Published on July 25, 2008 at 4:21am

At the beginning of the decade — and the millennium, not coincidentally — a local graphic artist dropped a pile of cash on a thousand blank journals. He surreptitiously left them in coffeehouses and at bus stops, dropped them in mailboxes and dispatched them to faraway cities. Someguy, as he humbly ID’d himself, included instructions that the lucky recipients were to write or draw in the books, then hand them off to someone else. He also asked contributors to scan their pages for uploading to the 1000 Journals Project Web site (www.1000journals.com), and ship completed books back to San Francisco. But after three years, only one journal had been returned to Someguy.
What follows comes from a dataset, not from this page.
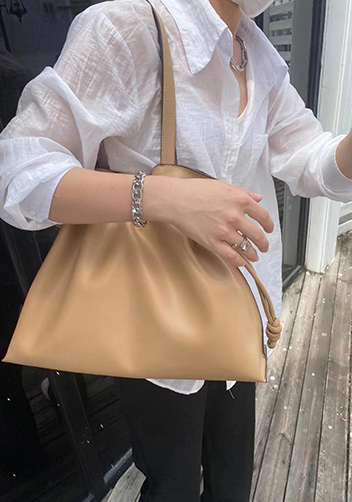 SALSA LEATHER SHOULDER BAG BEIGE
One might have expected a raft of musings, essays and diary-style confessions, but the book was crammed with all kinds of visual art rather than text. As Andrea Kreuzhage discovers in her captivating documentary debut, 1000 Journals, the combination of artistic freedom and random chance triggered a slew of who’d-a-thunk-it chain reactions. With Someguy’s okay, Kreuzhage embarked on a worldwide scavenger hunt to locate some of the missing 999 and record the stories behind them. Her one-of-a-kind film is an inspiring ode to the breadth and depth of human creativity, of course, but it’s also a delicate and surprisingly moving commentary on the mysterious, pervasive impulse to connect and communicate.